GOAL OF THE EXERCISE -
One line at a time, check the entries below for the word "Latest", and copy each line that has it.

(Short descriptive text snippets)
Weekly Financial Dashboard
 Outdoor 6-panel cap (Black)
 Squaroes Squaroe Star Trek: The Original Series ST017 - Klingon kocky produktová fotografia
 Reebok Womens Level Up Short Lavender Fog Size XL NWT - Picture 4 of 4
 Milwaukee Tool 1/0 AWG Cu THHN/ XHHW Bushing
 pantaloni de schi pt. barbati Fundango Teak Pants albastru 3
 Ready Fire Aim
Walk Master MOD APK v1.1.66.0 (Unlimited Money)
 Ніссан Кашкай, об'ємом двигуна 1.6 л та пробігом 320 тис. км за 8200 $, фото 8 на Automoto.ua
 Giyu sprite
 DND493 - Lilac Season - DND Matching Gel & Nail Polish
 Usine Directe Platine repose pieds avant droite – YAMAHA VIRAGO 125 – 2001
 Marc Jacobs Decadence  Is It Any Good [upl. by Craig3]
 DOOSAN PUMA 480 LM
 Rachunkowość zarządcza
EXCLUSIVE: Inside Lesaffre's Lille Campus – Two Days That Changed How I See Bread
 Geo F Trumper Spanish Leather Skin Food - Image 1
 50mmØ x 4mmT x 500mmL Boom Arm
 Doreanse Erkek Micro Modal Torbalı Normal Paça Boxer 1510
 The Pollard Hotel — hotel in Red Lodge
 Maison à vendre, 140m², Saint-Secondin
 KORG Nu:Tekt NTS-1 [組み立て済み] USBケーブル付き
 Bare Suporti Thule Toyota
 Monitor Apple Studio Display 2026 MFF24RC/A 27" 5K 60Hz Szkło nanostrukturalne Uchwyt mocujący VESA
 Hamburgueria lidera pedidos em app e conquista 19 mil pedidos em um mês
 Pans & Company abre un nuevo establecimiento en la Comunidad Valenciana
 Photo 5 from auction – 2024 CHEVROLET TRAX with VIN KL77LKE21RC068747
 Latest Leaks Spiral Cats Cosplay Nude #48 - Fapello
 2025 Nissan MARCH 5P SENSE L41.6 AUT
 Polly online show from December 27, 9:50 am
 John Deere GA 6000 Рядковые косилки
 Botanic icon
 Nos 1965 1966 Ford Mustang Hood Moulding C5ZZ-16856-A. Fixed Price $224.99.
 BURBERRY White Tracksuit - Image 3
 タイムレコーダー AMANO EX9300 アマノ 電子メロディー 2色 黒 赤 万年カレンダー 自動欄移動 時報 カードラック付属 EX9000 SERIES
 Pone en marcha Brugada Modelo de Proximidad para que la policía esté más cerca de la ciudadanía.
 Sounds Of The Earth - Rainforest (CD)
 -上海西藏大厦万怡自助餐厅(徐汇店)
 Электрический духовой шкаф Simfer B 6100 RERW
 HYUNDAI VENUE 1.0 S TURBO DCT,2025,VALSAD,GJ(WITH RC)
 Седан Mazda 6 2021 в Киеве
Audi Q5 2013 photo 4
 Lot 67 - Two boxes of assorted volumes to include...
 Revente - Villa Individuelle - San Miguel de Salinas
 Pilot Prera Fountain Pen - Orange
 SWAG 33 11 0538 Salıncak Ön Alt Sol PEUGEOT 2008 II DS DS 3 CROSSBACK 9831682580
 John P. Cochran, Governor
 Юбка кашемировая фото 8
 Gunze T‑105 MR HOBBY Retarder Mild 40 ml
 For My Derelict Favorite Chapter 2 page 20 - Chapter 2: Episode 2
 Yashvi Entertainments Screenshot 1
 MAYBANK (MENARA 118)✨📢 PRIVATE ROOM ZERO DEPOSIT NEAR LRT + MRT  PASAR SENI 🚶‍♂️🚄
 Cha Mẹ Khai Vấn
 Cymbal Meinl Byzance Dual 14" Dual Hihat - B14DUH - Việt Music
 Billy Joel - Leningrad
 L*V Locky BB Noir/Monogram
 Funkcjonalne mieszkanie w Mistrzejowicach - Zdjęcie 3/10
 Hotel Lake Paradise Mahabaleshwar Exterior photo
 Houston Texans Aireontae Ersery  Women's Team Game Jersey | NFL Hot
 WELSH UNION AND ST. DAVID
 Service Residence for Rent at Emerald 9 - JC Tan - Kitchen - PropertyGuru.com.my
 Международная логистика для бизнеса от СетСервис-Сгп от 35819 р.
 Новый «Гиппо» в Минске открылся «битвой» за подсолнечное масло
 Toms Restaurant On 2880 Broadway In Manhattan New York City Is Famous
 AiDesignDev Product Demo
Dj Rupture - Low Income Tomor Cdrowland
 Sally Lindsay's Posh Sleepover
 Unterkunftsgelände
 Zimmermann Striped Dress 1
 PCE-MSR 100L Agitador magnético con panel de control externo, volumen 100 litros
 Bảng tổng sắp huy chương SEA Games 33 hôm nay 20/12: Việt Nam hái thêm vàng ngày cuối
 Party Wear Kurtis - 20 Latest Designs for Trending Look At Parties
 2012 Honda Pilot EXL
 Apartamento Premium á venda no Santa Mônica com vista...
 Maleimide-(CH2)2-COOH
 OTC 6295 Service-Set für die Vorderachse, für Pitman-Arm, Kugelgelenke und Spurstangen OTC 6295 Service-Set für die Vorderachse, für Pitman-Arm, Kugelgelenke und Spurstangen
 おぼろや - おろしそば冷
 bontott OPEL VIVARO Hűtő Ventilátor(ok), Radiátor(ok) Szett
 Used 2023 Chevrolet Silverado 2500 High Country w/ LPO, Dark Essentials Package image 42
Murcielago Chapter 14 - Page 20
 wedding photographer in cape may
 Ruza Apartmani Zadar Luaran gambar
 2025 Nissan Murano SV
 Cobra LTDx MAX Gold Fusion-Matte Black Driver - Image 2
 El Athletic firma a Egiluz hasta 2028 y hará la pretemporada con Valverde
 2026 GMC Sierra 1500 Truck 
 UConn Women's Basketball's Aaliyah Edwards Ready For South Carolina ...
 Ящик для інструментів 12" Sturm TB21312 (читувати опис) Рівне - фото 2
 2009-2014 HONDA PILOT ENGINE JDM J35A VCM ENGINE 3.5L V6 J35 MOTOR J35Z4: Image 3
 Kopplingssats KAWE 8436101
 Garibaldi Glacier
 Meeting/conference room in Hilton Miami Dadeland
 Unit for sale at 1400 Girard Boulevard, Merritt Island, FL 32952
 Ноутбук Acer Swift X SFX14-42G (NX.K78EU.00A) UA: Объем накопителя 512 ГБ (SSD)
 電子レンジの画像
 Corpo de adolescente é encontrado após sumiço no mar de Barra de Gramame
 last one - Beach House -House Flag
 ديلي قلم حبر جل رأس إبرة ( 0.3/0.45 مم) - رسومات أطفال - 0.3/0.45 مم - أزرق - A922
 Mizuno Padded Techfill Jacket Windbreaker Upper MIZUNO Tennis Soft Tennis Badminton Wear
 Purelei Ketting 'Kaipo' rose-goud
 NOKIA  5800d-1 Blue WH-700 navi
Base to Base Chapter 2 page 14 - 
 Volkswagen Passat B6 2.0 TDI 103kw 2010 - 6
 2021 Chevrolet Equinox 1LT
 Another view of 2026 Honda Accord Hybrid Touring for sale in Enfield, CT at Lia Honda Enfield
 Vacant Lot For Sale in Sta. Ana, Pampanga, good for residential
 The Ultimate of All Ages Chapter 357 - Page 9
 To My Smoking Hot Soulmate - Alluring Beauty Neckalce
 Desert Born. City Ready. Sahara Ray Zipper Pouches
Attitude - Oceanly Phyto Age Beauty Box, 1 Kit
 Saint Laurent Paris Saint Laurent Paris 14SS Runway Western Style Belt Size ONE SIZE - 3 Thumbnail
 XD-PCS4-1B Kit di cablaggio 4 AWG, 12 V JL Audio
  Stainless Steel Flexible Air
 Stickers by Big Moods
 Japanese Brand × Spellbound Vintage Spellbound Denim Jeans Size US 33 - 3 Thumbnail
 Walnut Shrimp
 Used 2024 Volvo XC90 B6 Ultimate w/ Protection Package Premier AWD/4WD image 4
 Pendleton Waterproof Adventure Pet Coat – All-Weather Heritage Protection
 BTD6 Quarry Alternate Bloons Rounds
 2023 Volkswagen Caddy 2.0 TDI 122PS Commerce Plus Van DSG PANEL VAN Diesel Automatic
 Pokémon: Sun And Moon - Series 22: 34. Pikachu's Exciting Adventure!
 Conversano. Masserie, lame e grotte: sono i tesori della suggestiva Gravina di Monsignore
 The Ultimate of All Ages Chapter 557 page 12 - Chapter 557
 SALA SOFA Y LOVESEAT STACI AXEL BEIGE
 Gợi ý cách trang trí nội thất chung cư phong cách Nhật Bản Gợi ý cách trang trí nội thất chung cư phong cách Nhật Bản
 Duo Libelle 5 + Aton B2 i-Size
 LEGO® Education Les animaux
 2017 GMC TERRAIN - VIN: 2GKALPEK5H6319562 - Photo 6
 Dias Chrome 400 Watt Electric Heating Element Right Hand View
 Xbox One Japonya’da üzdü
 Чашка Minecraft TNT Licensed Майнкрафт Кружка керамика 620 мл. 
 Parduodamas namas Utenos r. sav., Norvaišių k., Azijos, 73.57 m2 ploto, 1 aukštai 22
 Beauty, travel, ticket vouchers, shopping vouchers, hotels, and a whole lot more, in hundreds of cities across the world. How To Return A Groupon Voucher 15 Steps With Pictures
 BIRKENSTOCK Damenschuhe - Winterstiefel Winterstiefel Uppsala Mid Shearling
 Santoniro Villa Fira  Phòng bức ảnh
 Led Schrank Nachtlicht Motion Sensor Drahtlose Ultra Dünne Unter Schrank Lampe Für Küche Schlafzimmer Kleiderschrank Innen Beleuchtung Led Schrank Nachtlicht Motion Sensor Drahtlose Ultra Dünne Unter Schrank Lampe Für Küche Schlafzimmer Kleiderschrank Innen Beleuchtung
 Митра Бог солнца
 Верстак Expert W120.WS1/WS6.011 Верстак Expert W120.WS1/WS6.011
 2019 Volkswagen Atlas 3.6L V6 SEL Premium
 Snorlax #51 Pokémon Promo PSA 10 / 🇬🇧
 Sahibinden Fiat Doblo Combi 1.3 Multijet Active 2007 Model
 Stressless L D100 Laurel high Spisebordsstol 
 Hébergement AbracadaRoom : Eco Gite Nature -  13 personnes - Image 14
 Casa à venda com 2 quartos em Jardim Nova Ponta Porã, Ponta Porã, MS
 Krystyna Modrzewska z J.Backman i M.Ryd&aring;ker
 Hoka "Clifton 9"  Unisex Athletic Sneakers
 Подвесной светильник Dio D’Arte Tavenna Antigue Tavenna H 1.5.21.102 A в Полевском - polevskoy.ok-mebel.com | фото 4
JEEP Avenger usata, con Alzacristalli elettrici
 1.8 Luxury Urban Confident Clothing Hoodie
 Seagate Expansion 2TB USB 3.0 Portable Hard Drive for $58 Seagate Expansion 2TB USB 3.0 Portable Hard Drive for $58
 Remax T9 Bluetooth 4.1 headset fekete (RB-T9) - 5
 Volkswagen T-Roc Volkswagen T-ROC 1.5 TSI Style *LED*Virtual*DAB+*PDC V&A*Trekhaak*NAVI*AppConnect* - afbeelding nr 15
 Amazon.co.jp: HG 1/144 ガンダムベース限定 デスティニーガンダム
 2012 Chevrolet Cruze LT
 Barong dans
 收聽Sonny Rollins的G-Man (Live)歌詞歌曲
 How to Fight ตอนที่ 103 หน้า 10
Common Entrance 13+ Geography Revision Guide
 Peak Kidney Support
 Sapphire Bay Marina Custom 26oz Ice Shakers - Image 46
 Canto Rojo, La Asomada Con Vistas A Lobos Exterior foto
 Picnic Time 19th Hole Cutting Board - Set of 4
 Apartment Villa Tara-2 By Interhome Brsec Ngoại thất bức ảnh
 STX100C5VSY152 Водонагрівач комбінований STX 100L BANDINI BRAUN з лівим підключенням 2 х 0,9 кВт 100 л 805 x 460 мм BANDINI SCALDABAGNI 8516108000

WRITTEN SOLUTION -
 Latest Leaks Spiral Cats Cosplay Nude #48 - Fapello
 Party Wear Kurtis - 20 Latest Designs for Trending Look At Parties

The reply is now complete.